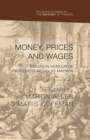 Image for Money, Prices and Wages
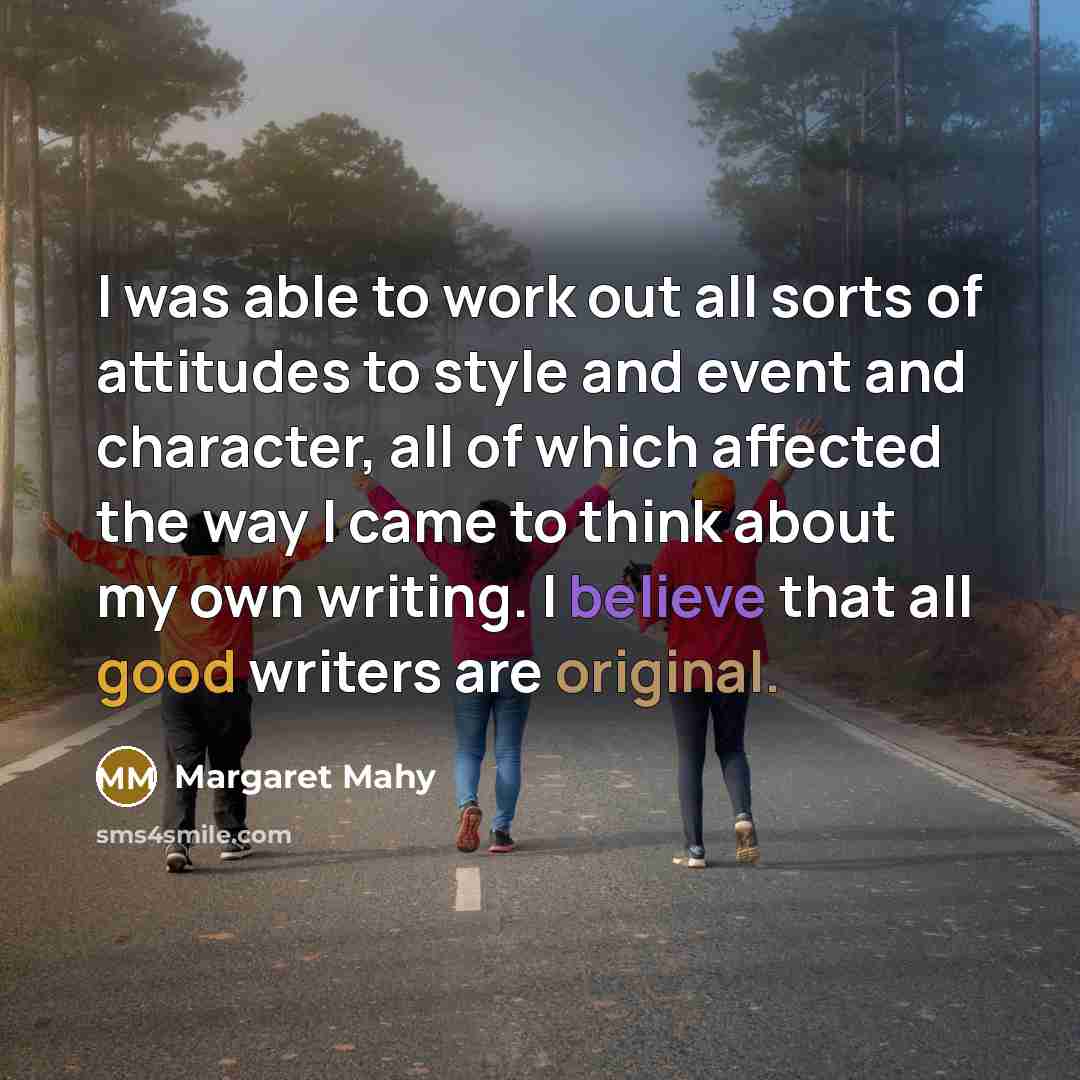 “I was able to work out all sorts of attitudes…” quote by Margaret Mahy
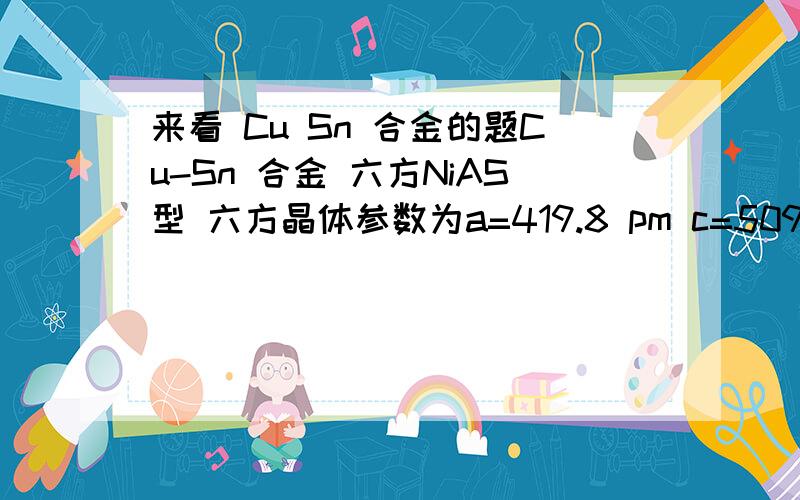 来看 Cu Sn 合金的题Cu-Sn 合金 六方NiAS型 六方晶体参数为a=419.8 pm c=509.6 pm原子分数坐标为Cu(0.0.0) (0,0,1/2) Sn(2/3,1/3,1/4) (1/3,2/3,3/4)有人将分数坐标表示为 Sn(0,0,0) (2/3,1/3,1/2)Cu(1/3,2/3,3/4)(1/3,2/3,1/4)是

________

> [What is expected]: Once the pictures are set aside, give the listing again word for word.

> [Exercise solution]:
 Image for Money, Prices and Wages
 “I was able to work out all sorts of attitudes…” quote by Margaret Mahy
 来看 Cu Sn 合金的题Cu-Sn 合金 六方NiAS型 六方晶体参数为a=419.8 pm c=509.6 pm原子分数坐标为Cu(0.0.0) (0,0,1/2) Sn(2/3,1/3,1/4) (1/3,2/3,3/4)有人将分数坐标表示为 Sn(0,0,0) (2/3,1/3,1/2)Cu(1/3,2/3,3/4)(1/3,2/3,1/4)是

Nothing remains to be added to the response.